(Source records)
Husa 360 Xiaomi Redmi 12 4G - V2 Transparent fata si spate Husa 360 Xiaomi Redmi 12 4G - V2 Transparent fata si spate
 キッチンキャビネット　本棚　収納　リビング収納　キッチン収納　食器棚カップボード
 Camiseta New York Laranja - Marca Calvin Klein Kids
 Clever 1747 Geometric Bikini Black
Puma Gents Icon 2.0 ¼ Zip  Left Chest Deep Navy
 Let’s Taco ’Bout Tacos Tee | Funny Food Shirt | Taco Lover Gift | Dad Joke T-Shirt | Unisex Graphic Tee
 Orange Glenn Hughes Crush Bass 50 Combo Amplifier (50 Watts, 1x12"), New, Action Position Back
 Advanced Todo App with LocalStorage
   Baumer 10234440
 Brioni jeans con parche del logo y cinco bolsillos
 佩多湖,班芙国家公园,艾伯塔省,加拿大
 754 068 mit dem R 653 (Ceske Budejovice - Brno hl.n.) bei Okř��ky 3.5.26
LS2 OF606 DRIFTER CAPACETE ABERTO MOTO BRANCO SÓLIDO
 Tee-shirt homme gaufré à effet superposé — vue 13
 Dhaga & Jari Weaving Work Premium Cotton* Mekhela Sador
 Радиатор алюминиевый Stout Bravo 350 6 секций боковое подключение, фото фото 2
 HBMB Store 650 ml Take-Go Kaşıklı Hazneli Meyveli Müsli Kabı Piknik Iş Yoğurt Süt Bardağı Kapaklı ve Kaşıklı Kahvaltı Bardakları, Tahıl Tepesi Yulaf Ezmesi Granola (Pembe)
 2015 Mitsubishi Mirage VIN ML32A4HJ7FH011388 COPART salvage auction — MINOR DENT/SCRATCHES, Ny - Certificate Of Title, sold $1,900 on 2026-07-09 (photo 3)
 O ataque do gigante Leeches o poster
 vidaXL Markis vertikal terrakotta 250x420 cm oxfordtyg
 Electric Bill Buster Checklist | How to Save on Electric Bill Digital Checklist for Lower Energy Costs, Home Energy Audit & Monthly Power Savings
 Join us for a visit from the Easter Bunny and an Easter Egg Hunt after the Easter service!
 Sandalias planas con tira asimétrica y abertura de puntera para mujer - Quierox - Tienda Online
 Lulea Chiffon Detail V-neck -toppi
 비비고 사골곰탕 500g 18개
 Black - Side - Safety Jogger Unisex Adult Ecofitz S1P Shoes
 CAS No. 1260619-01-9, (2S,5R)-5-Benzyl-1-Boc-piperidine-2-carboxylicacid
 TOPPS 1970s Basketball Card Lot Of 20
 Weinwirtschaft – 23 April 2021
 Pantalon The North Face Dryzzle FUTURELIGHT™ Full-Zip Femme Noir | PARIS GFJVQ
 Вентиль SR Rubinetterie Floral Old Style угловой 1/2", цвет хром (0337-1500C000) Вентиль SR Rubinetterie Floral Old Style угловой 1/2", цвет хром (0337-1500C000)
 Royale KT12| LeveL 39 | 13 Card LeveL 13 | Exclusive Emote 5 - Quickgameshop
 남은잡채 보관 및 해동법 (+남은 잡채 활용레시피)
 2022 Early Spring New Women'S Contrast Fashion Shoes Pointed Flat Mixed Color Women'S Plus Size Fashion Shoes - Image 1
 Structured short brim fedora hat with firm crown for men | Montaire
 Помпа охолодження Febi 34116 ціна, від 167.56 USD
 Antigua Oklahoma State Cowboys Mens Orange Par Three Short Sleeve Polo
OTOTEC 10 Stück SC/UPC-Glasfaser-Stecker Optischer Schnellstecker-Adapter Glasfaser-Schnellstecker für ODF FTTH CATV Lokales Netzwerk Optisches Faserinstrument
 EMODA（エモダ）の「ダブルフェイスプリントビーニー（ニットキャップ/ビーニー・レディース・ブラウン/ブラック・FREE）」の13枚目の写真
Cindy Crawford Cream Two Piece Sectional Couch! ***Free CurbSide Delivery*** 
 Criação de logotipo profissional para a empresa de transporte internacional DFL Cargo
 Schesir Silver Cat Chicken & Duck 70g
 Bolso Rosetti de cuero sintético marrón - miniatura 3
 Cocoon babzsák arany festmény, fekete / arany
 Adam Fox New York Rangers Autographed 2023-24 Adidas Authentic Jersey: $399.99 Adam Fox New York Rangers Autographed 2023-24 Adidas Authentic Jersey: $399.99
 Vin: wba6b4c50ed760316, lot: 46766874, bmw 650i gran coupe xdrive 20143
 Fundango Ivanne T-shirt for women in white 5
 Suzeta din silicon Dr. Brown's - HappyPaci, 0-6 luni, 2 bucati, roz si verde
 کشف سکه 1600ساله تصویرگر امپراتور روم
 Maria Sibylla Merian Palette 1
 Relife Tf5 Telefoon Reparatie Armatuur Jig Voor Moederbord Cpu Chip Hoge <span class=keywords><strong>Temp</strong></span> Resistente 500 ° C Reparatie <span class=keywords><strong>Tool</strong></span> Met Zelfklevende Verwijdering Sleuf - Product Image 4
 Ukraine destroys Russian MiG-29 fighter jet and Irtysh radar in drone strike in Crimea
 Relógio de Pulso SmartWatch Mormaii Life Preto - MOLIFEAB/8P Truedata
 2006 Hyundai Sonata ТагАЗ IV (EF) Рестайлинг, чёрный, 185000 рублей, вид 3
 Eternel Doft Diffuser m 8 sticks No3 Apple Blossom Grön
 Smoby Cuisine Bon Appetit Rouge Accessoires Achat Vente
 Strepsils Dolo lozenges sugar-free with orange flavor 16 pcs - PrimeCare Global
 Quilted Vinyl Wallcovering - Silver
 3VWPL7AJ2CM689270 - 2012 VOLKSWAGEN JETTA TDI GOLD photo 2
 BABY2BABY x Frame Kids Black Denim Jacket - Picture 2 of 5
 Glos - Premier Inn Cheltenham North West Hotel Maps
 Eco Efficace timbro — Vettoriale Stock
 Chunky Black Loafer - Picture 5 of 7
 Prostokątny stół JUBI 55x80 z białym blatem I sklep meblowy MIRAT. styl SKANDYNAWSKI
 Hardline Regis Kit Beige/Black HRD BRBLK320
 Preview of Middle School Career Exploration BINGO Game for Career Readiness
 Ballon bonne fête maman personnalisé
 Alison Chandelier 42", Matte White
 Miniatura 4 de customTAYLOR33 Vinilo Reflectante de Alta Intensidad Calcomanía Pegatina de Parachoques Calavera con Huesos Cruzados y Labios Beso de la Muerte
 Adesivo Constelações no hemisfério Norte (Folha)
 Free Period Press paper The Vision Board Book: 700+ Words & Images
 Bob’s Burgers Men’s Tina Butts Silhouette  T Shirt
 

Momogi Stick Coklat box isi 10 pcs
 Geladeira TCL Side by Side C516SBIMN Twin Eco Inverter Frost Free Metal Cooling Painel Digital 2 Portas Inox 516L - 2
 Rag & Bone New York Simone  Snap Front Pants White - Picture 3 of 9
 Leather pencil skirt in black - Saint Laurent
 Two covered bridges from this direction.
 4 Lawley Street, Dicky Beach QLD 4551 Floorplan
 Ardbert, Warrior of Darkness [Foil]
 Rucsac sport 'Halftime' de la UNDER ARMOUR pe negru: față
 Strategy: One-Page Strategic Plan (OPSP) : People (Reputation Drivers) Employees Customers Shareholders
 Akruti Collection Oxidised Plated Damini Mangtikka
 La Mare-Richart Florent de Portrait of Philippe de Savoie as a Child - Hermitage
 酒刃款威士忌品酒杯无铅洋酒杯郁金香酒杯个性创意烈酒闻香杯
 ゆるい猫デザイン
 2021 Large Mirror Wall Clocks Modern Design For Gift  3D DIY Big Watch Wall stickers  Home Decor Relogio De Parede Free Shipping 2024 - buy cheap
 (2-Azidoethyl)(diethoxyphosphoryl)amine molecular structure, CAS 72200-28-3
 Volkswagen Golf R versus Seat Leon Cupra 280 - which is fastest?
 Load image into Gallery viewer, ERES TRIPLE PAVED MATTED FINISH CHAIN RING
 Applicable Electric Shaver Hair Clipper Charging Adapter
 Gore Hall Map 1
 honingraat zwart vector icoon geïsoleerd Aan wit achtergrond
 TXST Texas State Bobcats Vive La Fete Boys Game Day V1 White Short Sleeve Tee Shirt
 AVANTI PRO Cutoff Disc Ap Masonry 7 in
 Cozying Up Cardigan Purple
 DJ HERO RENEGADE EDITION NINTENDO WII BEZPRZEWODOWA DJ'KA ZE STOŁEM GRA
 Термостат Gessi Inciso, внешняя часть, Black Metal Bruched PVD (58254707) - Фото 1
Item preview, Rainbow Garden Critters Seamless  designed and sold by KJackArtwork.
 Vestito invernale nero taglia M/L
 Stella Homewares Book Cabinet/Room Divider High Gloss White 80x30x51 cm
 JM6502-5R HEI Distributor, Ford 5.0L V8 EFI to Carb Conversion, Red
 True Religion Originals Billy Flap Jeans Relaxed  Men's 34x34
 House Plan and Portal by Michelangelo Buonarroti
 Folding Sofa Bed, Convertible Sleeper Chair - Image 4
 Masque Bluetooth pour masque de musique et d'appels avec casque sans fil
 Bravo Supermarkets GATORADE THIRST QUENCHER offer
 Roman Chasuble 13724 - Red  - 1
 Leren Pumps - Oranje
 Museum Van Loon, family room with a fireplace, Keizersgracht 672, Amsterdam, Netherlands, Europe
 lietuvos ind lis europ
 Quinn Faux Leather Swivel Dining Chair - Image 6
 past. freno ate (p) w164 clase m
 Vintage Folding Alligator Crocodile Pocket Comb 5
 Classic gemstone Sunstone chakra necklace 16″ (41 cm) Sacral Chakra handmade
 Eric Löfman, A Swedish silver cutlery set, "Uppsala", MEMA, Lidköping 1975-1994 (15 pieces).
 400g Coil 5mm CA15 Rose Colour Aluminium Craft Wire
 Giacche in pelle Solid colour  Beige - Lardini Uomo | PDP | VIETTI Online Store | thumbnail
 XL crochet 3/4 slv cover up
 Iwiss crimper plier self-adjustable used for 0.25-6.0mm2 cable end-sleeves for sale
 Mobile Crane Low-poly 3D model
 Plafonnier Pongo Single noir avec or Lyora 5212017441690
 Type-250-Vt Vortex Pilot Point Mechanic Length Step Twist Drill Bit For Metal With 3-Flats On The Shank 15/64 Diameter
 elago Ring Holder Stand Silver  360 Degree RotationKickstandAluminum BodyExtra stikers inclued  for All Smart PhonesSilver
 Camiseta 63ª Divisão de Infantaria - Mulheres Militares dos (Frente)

TASK ITEM - What is needed is an exact copy of the lines above, from the one containing "Clever 1747 Geometric Bikini Black" through the one containing "HBMB Store 650", with nothing added.

TASK ANSWER -
 Clever 1747 Geometric Bikini Black
Puma Gents Icon 2.0 ¼ Zip  Left Chest Deep Navy
 Let’s Taco ’Bout Tacos Tee | Funny Food Shirt | Taco Lover Gift | Dad Joke T-Shirt | Unisex Graphic Tee
 Orange Glenn Hughes Crush Bass 50 Combo Amplifier (50 Watts, 1x12"), New, Action Position Back
 Advanced Todo App with LocalStorage
   Baumer 10234440
 Brioni jeans con parche del logo y cinco bolsillos
 佩多湖,班芙国家公园,艾伯塔省,加拿大
 754 068 mit dem R 653 (Ceske Budejovice - Brno hl.n.) bei Okř��ky 3.5.26
LS2 OF606 DRIFTER CAPACETE ABERTO MOTO BRANCO SÓLIDO
 Tee-shirt homme gaufré à effet superposé — vue 13
 Dhaga & Jari Weaving Work Premium Cotton* Mekhela Sador
 Радиатор алюминиевый Stout Bravo 350 6 секций боковое подключение, фото фото 2
 HBMB Store 650 ml Take-Go Kaşıklı Hazneli Meyveli Müsli Kabı Piknik Iş Yoğurt Süt Bardağı Kapaklı ve Kaşıklı Kahvaltı Bardakları, Tahıl Tepesi Yulaf Ezmesi Granola (Pembe)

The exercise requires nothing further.